● Records provided

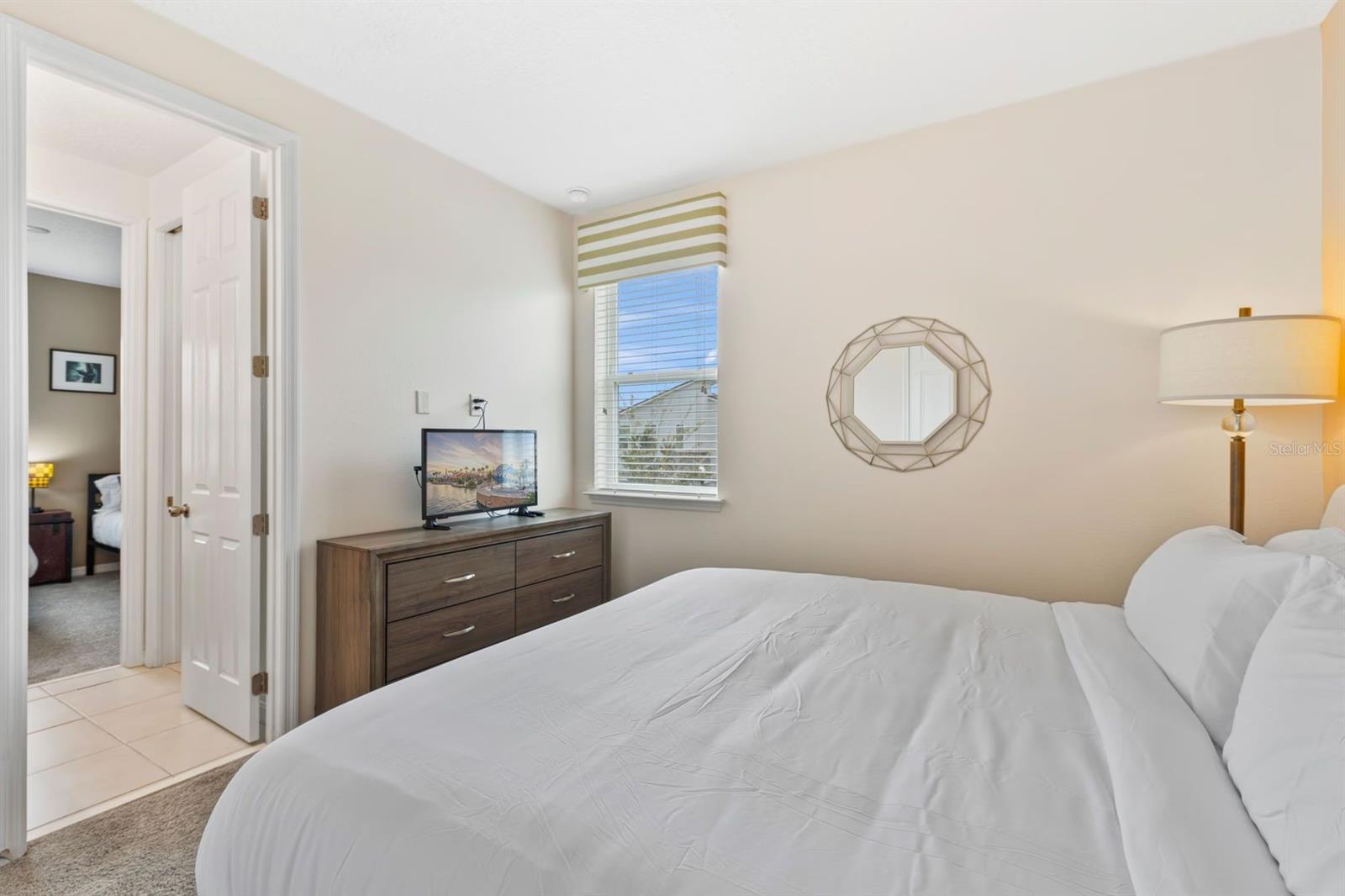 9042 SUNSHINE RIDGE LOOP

* * *

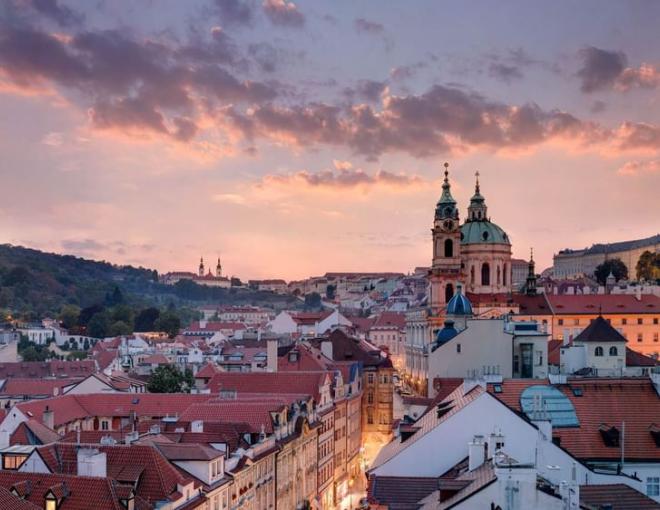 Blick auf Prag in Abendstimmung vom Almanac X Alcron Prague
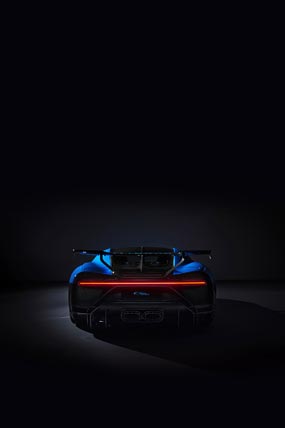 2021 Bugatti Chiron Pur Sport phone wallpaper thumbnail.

● Your task
Print exactly the lines above that run from the one with "Blick auf Prag" to the one with "2021 Bugatti Chiron", both included. No pictures.

● Expected output
 Blick auf Prag in Abendstimmung vom Almanac X Alcron Prague
 2021 Bugatti Chiron Pur Sport phone wallpaper thumbnail.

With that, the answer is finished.